The family returned to the United States for several months in the late 1880s and then, from California, leased a yacht and began several more months of travel among the islands of the South Pacific. After a sojourn in Honolulu, they went on to Samoa, where they purchased and renovated a house. The islands and their people were very appealing to both Stevenson and Fanny, and they made many friends. Stevenson was dismayed at the European and American exploitation of the area and wrote two non-fiction books on this and related subjects, A Footnote to History (1892) and In the South Seas (1896). He also finished another adventure novel (The Master of Ballantrae, 1889) and wrote two more, The Beach of Falesa (1892) and The Weir of Hermiston (1896). The second of these, unfinished at his death, is considered by many to be Stevenson’s masterpiece.

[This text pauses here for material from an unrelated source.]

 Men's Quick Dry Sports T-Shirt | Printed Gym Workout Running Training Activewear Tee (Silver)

During these years, Stevenson’s tuberculosis did not improve, but he remained active and, despite periods of being bedridden and very ill, kept to his usual disciplined writing schedule. Fanny’s son remained with them, and her daughter, Belle, joined them frequently as well. In addition, Stevenson’s mother, widowed in 1886, had traveled to the islands with the family and remained there for the rest of her son’s life. Although Louis was often in grave danger of death, he always seemed able to throw off the worst of his illness and achieve at least partial recovery. But in early December of 1894, less than a month after his forty-fourth birthday, he was stricken with a cerebral hemorrhage and died within a few hours.

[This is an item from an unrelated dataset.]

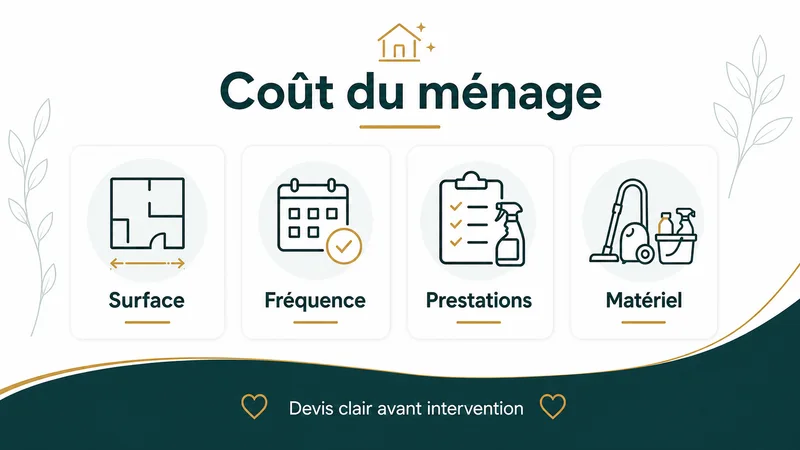 Infographie des critères qui influencent le coût du ménage
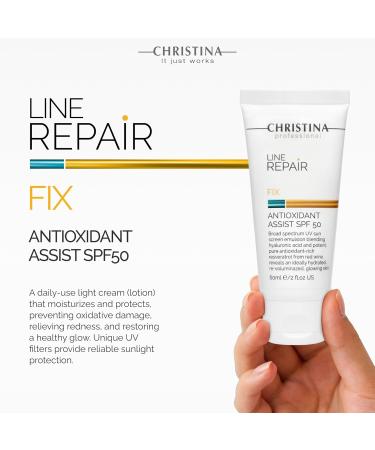 Buy Christina Line Repair Fix Antioxidant SPF 50 Sunscreen - 60 ml | Broad Spectrum UVA/UVB Protection with Hyaluronic Acid & Resveratrol - Shop Internationally - Buy Online on GoSupps.com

Almost all of Stevenson’s writings, including his novels, short stories and essays, and two books written in collaboration with his stepson Lloyd Osbourne, remained in publication for years after his death, and his excellence as a writer was undisputed for the next quarter-century or so. But he fell out of critical favor with the rise of realism and naturalism in the years after World War I, and although his reputation fluctuated during the rest of the twentieth century, many of his works remain out of print. Still, he continues to be read and admired by people who value his versatility and range, his gripping narrative ability, and his fluent and concise style.